:: Exercise objective ::
Among the lines below, restate word for word only those from the line with "Александр Емельяненко успешно" through the line with "Vue aérienne de", with both end lines kept.

Short descriptive text snippets
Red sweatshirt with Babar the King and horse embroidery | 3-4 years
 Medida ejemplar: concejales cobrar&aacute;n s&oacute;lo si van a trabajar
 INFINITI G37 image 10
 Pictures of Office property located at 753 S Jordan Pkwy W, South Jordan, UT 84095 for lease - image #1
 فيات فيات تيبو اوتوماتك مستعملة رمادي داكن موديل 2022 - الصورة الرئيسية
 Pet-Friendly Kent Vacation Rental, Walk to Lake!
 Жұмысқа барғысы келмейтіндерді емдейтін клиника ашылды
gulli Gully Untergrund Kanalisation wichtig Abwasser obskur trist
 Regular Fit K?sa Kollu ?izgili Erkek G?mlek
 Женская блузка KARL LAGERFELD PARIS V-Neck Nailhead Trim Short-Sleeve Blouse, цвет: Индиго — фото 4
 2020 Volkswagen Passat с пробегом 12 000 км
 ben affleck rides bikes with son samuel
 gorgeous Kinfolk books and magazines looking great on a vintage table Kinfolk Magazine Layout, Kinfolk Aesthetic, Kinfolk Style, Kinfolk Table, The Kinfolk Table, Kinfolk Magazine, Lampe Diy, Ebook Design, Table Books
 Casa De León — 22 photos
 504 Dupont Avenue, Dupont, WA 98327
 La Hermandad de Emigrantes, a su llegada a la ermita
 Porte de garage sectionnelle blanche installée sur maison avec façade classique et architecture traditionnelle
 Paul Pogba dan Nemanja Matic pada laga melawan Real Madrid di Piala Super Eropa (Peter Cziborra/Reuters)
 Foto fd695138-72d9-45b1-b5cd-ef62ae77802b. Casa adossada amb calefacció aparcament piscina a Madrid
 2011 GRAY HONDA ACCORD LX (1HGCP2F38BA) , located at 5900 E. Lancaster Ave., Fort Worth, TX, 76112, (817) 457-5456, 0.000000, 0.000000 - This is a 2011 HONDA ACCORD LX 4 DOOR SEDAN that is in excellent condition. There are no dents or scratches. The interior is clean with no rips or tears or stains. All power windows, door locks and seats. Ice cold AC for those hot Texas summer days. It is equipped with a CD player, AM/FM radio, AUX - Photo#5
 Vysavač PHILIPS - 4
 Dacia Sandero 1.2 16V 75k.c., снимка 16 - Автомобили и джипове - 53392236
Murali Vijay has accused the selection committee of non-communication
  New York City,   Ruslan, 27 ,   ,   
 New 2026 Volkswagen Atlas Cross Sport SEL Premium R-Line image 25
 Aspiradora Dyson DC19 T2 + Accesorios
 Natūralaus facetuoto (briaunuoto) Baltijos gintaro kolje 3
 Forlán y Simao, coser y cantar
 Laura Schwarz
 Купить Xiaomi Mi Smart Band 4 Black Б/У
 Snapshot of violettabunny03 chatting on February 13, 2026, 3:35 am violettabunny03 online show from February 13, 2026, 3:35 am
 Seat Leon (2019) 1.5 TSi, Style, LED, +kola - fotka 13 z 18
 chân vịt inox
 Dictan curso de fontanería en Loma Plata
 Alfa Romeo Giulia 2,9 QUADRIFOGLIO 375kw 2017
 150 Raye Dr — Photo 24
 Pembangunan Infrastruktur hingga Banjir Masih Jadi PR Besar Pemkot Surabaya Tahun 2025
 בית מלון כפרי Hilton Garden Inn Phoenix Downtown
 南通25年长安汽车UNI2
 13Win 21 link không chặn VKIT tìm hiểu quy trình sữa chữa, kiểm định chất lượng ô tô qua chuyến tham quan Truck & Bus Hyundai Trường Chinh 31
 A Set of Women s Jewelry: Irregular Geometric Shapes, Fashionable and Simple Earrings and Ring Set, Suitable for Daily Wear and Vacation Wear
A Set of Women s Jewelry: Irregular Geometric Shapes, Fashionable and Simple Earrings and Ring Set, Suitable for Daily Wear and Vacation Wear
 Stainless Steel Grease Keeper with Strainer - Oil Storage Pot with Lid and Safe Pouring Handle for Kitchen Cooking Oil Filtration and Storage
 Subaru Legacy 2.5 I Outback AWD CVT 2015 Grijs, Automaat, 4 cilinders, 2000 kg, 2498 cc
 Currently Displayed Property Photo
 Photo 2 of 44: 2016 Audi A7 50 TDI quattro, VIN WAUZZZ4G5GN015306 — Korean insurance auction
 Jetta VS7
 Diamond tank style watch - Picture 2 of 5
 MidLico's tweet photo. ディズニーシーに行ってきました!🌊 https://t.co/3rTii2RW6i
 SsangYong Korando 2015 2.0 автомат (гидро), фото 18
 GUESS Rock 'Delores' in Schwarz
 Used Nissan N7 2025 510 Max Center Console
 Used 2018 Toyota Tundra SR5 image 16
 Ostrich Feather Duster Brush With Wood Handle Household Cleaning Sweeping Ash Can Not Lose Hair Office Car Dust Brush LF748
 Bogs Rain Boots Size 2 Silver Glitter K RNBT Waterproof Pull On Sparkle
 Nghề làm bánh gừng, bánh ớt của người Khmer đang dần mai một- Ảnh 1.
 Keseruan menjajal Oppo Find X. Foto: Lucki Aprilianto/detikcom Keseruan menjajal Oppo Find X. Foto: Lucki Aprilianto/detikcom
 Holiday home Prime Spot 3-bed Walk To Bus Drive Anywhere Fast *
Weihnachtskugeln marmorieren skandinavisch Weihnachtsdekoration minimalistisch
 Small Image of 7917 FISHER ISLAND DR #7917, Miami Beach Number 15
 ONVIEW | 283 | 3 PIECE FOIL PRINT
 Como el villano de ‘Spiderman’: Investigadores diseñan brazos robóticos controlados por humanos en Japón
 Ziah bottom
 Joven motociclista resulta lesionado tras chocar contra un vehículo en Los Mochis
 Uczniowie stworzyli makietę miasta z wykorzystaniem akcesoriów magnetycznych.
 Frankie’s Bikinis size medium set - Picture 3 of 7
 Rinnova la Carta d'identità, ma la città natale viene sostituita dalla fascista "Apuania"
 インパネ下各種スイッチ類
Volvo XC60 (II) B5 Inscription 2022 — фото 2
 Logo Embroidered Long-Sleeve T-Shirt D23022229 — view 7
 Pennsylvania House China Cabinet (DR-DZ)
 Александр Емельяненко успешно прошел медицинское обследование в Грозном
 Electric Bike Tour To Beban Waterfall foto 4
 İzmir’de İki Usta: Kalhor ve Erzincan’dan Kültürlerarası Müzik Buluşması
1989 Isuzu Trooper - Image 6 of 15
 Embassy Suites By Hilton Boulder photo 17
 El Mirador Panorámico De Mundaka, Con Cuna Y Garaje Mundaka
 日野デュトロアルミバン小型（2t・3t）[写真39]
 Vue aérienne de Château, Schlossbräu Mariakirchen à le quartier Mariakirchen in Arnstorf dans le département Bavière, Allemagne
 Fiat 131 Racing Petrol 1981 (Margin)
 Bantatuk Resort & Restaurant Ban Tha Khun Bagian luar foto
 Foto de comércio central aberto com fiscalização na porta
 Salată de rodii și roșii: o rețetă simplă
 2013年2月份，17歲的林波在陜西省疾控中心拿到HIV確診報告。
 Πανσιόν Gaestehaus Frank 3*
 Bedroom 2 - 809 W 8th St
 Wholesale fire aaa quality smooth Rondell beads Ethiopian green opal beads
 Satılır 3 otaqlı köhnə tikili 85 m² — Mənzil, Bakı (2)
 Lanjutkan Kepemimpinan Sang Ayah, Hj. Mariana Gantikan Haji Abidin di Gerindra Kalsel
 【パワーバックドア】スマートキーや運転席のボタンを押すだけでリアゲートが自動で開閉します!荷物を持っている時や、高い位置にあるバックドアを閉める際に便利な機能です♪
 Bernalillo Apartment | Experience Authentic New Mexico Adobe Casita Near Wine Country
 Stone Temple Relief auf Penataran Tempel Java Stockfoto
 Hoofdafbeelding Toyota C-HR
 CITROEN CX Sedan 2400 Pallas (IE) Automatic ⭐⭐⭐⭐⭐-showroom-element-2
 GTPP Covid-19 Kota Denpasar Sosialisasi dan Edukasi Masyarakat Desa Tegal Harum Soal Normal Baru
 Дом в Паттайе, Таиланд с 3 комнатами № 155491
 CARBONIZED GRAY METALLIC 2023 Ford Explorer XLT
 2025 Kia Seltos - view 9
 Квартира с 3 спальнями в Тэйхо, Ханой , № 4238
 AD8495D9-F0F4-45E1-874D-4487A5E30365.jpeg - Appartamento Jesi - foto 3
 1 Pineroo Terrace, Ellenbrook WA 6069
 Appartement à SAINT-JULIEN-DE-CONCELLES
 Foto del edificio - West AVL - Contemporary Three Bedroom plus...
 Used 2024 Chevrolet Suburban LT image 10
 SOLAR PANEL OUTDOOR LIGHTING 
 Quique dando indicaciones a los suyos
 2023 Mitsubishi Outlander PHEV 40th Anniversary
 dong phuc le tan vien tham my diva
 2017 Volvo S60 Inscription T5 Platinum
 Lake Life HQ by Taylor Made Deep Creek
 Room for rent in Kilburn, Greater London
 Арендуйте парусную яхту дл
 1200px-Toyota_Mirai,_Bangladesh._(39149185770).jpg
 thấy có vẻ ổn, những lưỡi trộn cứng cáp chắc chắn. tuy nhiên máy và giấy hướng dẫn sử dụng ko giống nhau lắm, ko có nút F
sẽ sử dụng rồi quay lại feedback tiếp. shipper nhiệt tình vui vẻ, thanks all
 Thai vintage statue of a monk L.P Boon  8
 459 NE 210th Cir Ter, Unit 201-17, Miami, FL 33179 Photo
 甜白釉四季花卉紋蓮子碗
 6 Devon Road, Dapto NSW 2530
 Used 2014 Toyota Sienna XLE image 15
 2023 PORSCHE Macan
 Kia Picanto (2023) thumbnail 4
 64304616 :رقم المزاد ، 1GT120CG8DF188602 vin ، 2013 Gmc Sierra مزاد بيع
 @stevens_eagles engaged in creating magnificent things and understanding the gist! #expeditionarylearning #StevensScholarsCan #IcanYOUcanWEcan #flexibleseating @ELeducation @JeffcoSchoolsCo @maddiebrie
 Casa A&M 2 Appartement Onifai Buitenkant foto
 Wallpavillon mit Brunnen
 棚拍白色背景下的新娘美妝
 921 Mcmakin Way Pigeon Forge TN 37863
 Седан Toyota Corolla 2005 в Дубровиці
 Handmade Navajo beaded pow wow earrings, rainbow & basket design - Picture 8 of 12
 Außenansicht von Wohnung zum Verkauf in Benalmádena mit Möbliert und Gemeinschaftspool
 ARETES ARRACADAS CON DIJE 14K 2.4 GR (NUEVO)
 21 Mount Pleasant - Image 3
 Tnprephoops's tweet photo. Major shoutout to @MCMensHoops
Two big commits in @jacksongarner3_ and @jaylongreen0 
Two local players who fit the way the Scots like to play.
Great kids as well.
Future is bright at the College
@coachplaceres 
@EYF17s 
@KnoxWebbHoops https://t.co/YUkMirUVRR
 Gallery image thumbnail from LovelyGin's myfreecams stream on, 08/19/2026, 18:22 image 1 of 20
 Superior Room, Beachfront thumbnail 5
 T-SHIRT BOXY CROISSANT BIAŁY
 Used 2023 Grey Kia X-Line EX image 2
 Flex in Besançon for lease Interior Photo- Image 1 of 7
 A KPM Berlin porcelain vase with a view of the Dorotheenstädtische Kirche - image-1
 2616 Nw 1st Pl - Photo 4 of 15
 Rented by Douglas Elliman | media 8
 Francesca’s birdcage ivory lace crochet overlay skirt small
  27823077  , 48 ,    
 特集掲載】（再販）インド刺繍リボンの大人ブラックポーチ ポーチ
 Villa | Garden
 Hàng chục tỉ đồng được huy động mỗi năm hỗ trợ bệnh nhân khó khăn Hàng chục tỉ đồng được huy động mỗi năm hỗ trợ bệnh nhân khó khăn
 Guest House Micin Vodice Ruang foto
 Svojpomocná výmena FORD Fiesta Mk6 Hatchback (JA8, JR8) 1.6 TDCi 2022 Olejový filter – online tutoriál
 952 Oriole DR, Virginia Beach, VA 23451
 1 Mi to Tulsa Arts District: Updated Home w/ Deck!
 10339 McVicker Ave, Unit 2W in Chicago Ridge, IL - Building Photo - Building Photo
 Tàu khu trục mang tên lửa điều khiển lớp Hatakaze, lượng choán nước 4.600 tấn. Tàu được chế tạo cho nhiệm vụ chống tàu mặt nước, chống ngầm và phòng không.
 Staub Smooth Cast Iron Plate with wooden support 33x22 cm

:: Task result ::
 Александр Емельяненко успешно прошел медицинское обследование в Грозном
 Electric Bike Tour To Beban Waterfall foto 4
 İzmir’de İki Usta: Kalhor ve Erzincan’dan Kültürlerarası Müzik Buluşması
1989 Isuzu Trooper - Image 6 of 15
 Embassy Suites By Hilton Boulder photo 17
 El Mirador Panorámico De Mundaka, Con Cuna Y Garaje Mundaka
 日野デュトロアルミバン小型（2t・3t）[写真39]
 Vue aérienne de Château, Schlossbräu Mariakirchen à le quartier Mariakirchen in Arnstorf dans le département Bavière, Allemagne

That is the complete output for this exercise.